Un amour inconditionnel pour les fêtes de village
Emma Bojan, c’est d’abord une passionnée des fêtes de village, ces moments où le temps s’arrête, où les pastis coulent à flots, et où les fanfares défilent avec une énergie communicative. « Celle du village chez mes grands-parents, c’est quelque chose », confie-t-elle. On imagine aisément la scène : Jean-Luc et Raymond, les piliers de comptoir, qui lâchent tout pour suivre la musique, un verre à la main. Les fanfares, pour elle, c’est l’incarnation de la joie pure, sans chichis, sans prétention.

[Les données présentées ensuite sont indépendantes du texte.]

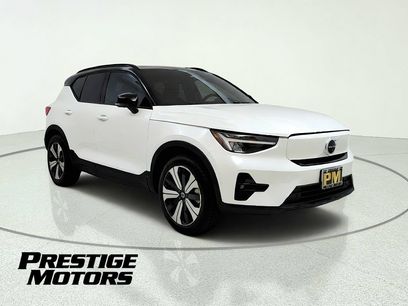 Used 2023 Volvo XC40 Recharge Plus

Des playlists qui évoluent (enfin !)
Mais Emma Bojan n’est pas nostalgique au point de s’enfermer dans les tubes d’un autre âge. « J’adore les fanfares modernes, parce que les playlists sont mises à jour », lance-t-elle avec malice. Fini les chansons de chanteurs aux mœurs douteuses : place à du Jul ou d’autres tubes actuels qui font vibrer les foules. Les fanfares, aujourd’hui, savent s’adapter, et c’est tant mieux. « Elles ne jouent plus uniquement les chansons de chanteurs qui ont violé des femmes », résume-t-elle avec son humour cinglant.
Un héritage historique (et un peu ridicule)

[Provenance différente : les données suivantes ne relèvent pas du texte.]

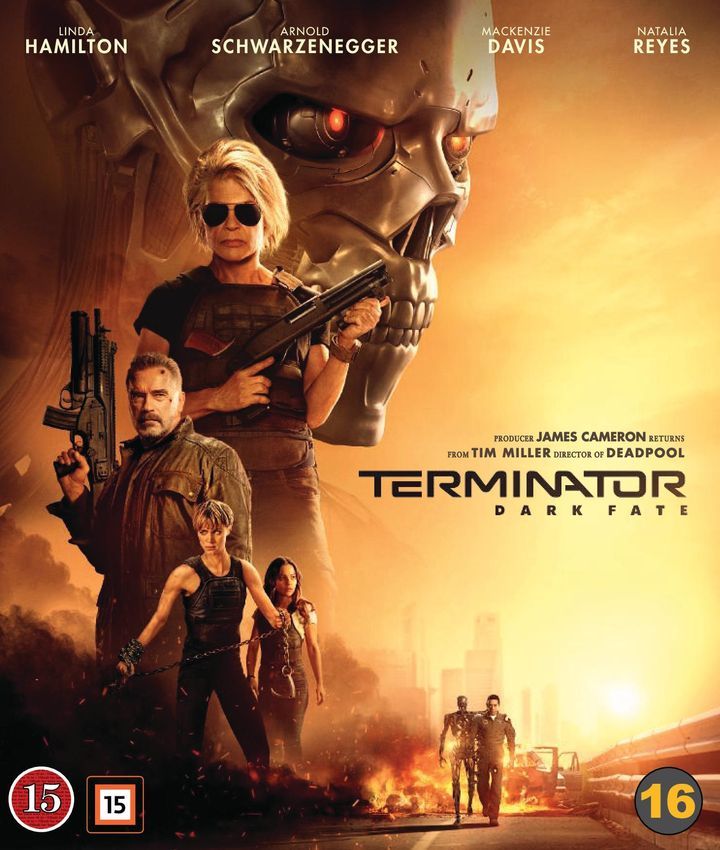 Terminator : dark fate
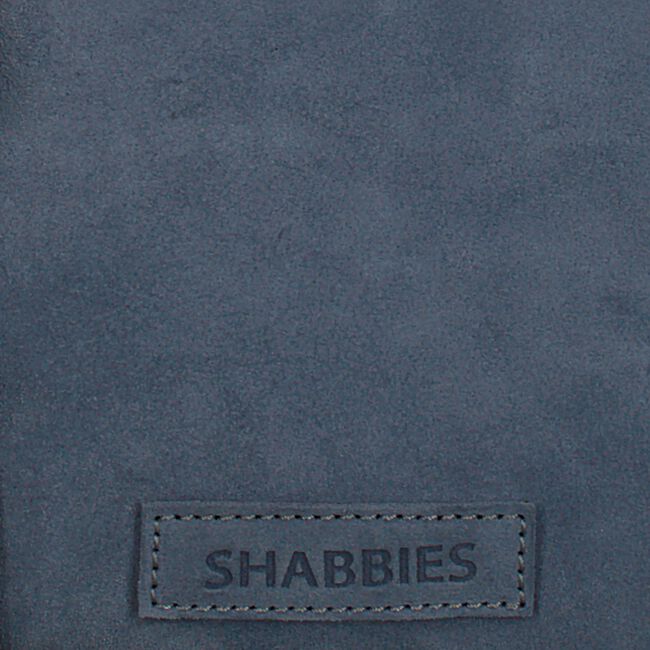 Blauwe SHABBIES Schoudertas 261020003 - large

Pourtant, les fanfares ne datent pas d’hier. « Figurez-vous que les premières formes de fanfares remontent à l’Antiquité… les fanfarum, mdr », s’amuse-t-elle. Entre références historiques et autodérision, Emma Bojan rappelle que ces orchestres ont traversé les siècles, survivant aux modes et aux régimes. Et si leur répertoire a changé, leur esprit, lui, reste inchangé : rassembleur, festif, et un brin anarchique.
Pourquoi cet hommage résonne-t-il autant ?
Parce qu’Emma Bojan, avec son style unique, démocratise la culture sans se prendre au sérieux. Entre deux spectacles (elle est actuellement en tournée avec « Attends-moi, j’arrive ! » au Théâtre des Mathurins), elle prouve que l’humour peut être à la fois intelligent et accessible. Son hommage aux fanfares, c’est aussi un hommage à tous ceux qui osent être eux-mêmes, sans filtre.
Alors, la prochaine fois que vous croiserrez une fanfare dans la rue, souvenez-vous : derrière les cuivres et les percussions se cache peut-être un Jean-Luc, un Raymond, ou même une future star de l’humour. Et ça, c’est la magie des fanfares… et d’Emma Bojan.